Other candidate bishops from 1559 to 1563 are the following: Gilbert Berkeley (Bath and Wells), Richard Cheyney (Bristol and Gloucester), John Best (Carlisle), William Downham (Chester), William Barlow* (Chichester), Richard Cox* (Ely), William Alley* (Exeter), John Scory* (Hereford), Thomas Bentham* (Coventry and Lichfield), Nicholas Bullingham* (Lincoln), John Parkhurst* (Norwich), Edmund Scambler (Peterborough), Edmund Gheast (Rochester), Robert Horne** (Winchester), Edwin Sandes** or Sandys (Worcester), and Thomas Young* (York). Because Elizabeth's bishops was virtually a clean slate, every Catholic bishop under Mary being deprived of his see shortly after her death, the Protestant bishops faced large administrative challenges and may well not have had enough time or experience to provide all the homilies that Parker, as Archbishop of Canterbury, wanted. However, Barlow, Cox, Alley, Scory, Bentham, Bullingham, Parkhurst, and Young, at least, appear in STC as authors (sometimes only of injunctions), and Horne and especially Sandes produced sermons.

VOLUME 2

  1. Of the right vse of the Church. Possibly John Jewel, bishop of Salisbury (A. F. P., Encycl. Brit. 7.376).

  2. Against perill of Idolatry. Possibly Jewel (A. F. P., Encycl. Brit. 7.376).

  3. For repayring and keeping cleane the Church. Possibly Jewel (A. F. P., Encycl. Brit. 7.376).

  4. Of good workes. And first of Fasting. Assigned to Edmund Grindal, bishop of London (A. F. P., Encycl. Brit. 7.376).

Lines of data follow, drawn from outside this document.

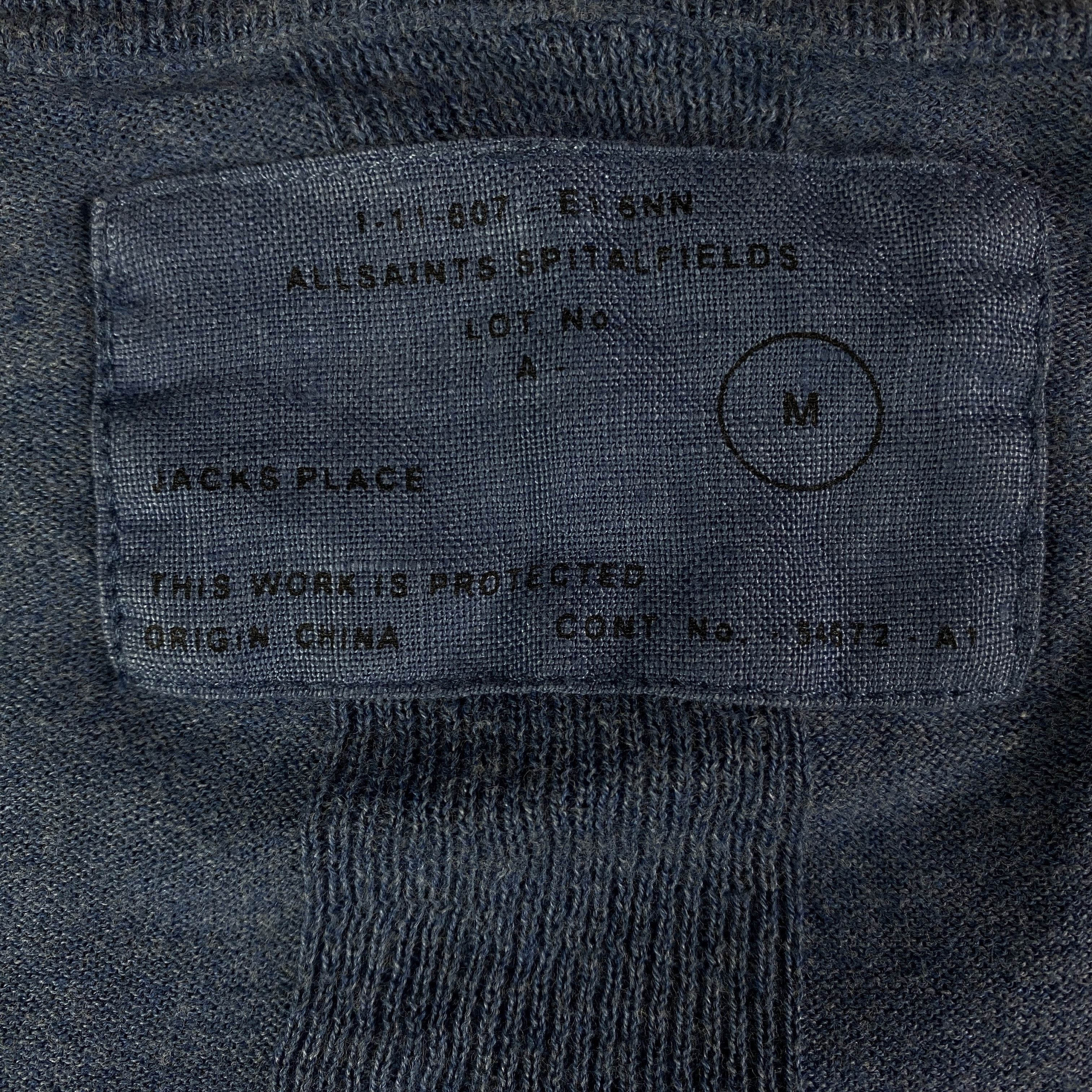 Allsaints Mens Sweater Jumper Pullover Allsaints V Neck Size M Blue Size US M / EU 48-50 / 2 - 4 Thumbnail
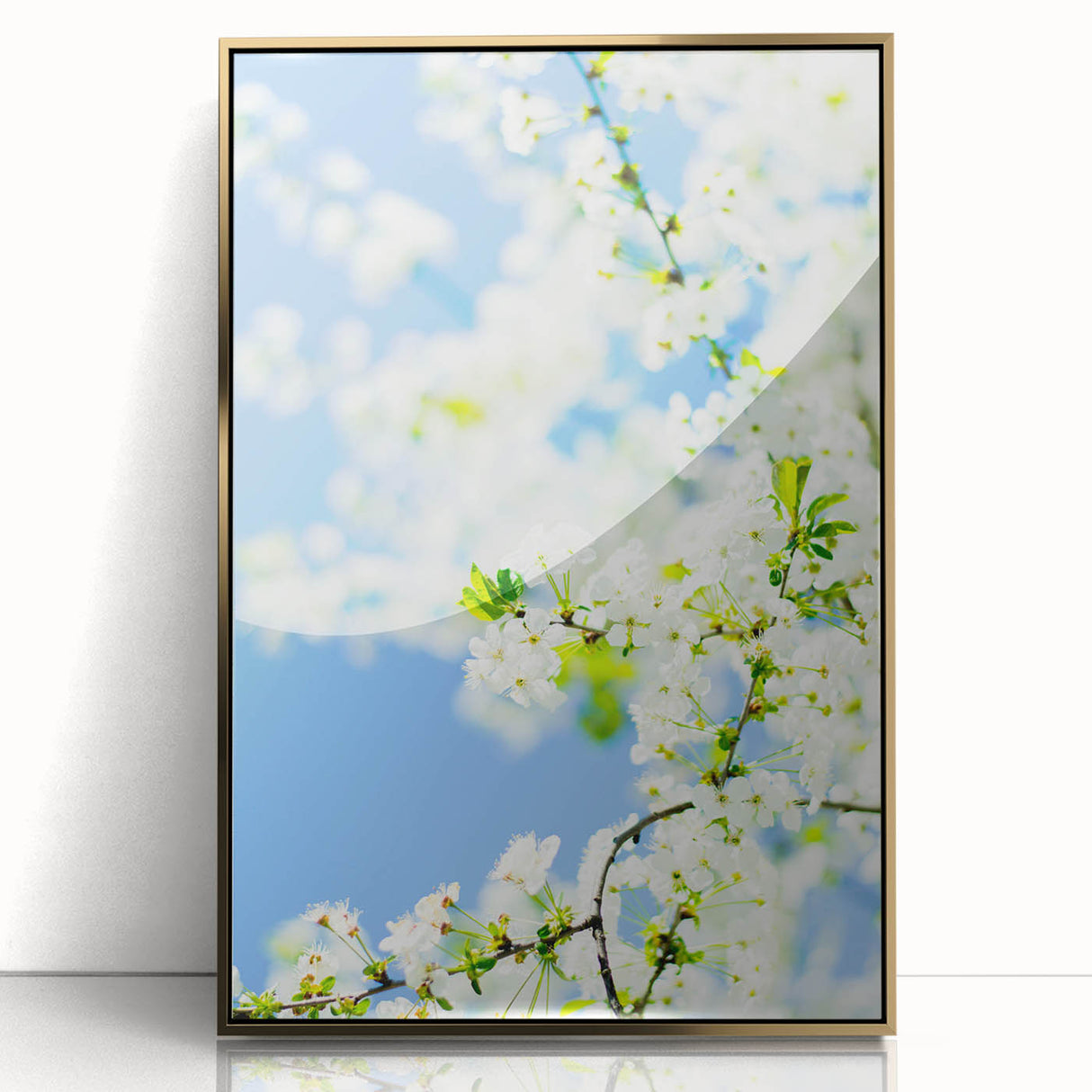 Large art print of a spring scene with pastel colors on a framed acrylic, mid-century modernist style.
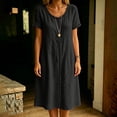 thumbnail image 6 of Horkkom T Shirt Dress Women Solid Color Short Sleeve Crew Neck Midi Dresses Summer Loose Casual Dresses, S-3XL, 6 of 8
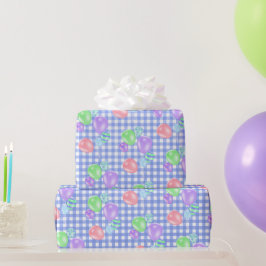 Födelsedagsbubblor på Blue Gingham Wrapping Papper Presentpapper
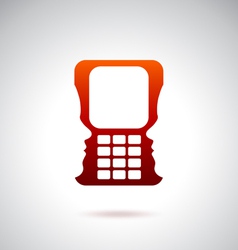 Cell phone and technology over red vector image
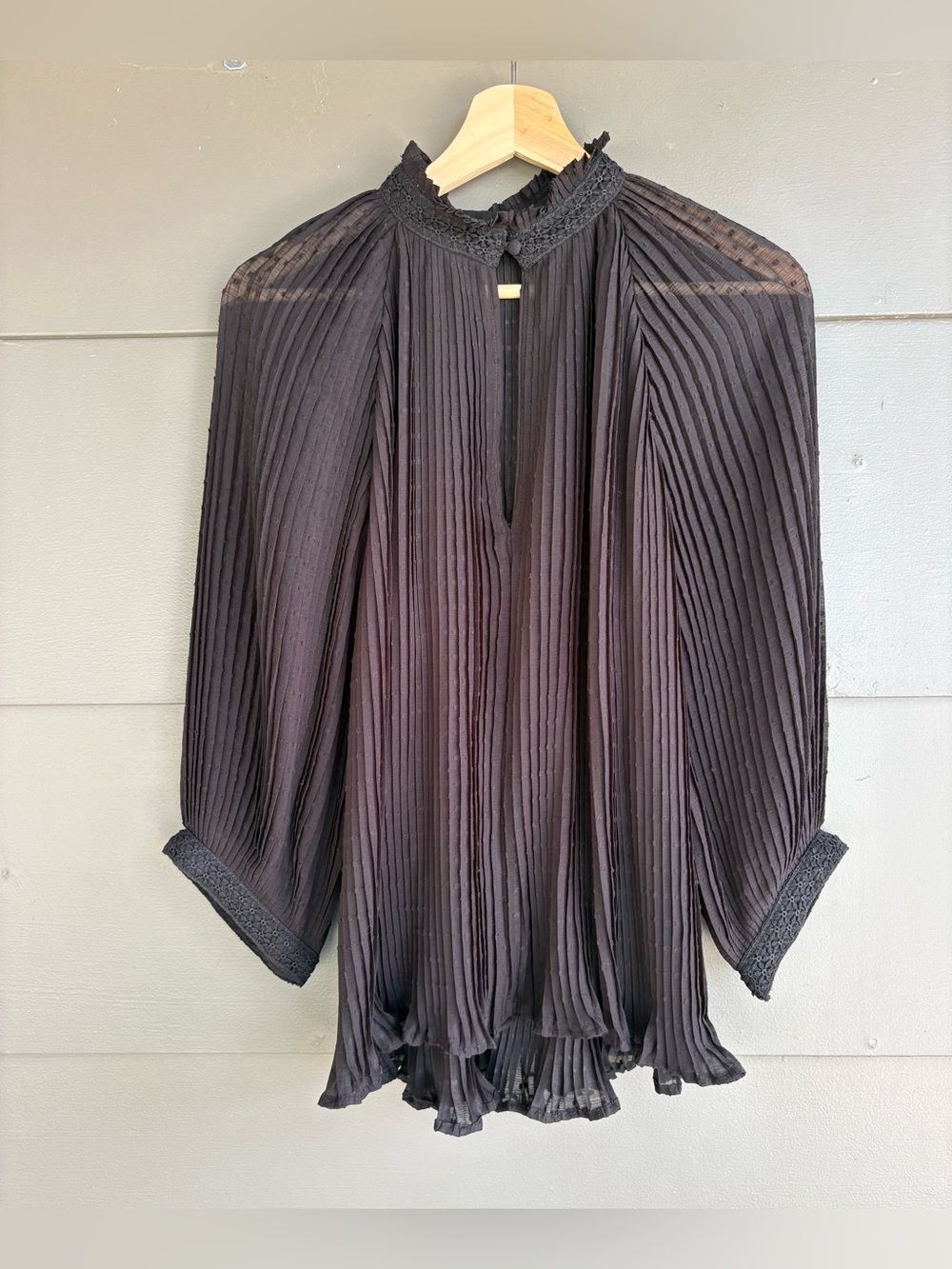 Zara Pleated Sheer High Necked Blouse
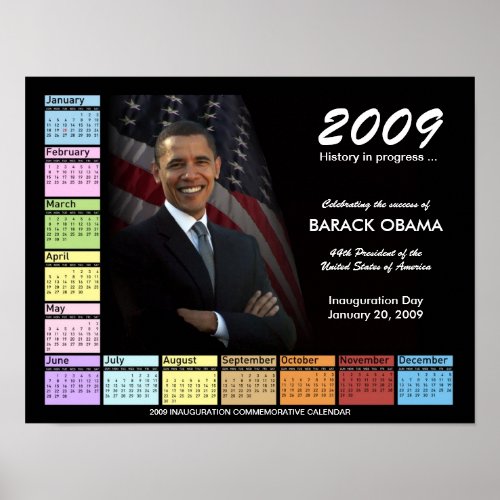 Barack Obama Poster with 2009 Calendar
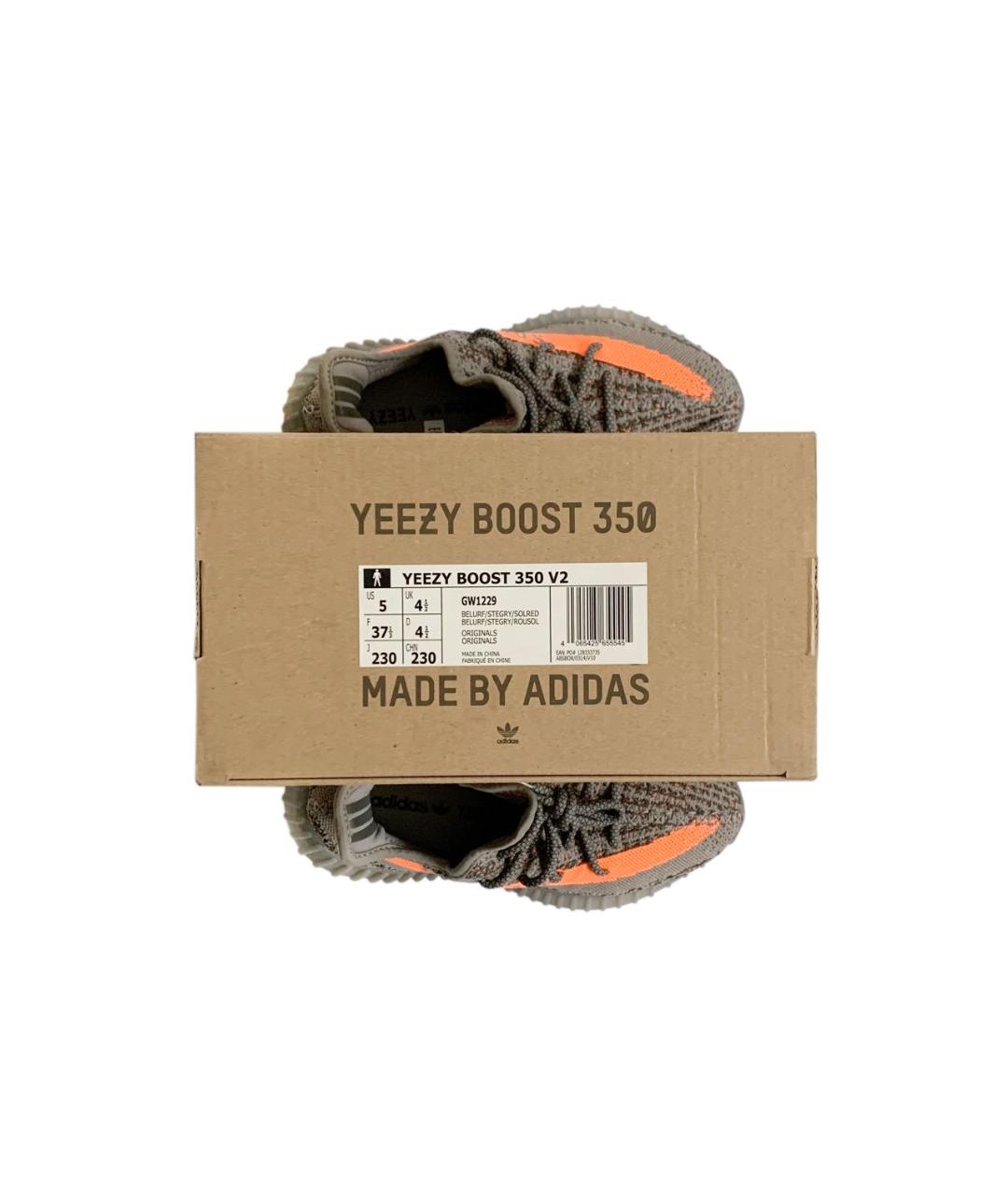 ADIDAS YEEZY Антрацитовые текстильные кроссовки, фото 4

  5. Against gluttony and drunkennesse. Possibly James Pilkington, first protestant bishop of Durham (DNB 15.1179-81).

  6. Against excesse of apparell. Possibly Pilkington (DNB 15.1179-81).

  7. An Homilie of Prayer. Possibly Jewel (A. F. P., Encycl. Brit. 7.376) or Grindal.

  8. Of the place and time of Prayer. Possibly Jewel (A. F. P., Encycl. Brit. 7.376).

  9. Of Common Prayer and Sacraments. Possibly Jewel (A. F. P., Encycl. Brit. 7.376).

  10. An information of them which take offence at certaine places of holy Scripture.

  11. Of almes deeds. Possibly Grindal.

  12. Of the Natiuity.

  13. Of the Passion for good Friday.

  14. Of the Resurrection for Easter day.

  15. Of the worthy receiuing of the Sacrament.

  16. An Homilie concerning the comming downe of the holy Ghost, for Whitsunday. Possibly Jewel (A. F. P., Encycl. Brit. 7.376).

  17. An Homilie for Rogation weeke. Possibly Jewel (A. F. P., Encycl. Brit. 7.376).

  18. Of the state of Matrimony. Possibly Matthew Parker, archbishop of Canterbury. (A. F. P., Encycl. Brit. 7.376).

  19. Against Idlenesse.

  20. Of Repentance and true Reconciliation vnto God. Possibly Grindal.

  21. An Homily against disobedience and wilfull rebellion.

Stylistic tests may be able to confirm or rule out these attributions or associate homilies with other men, but the field of possible candidates is large, if bishops' chaplains are included. The homilies in the first volume, for example, exhibit several distinctive styles.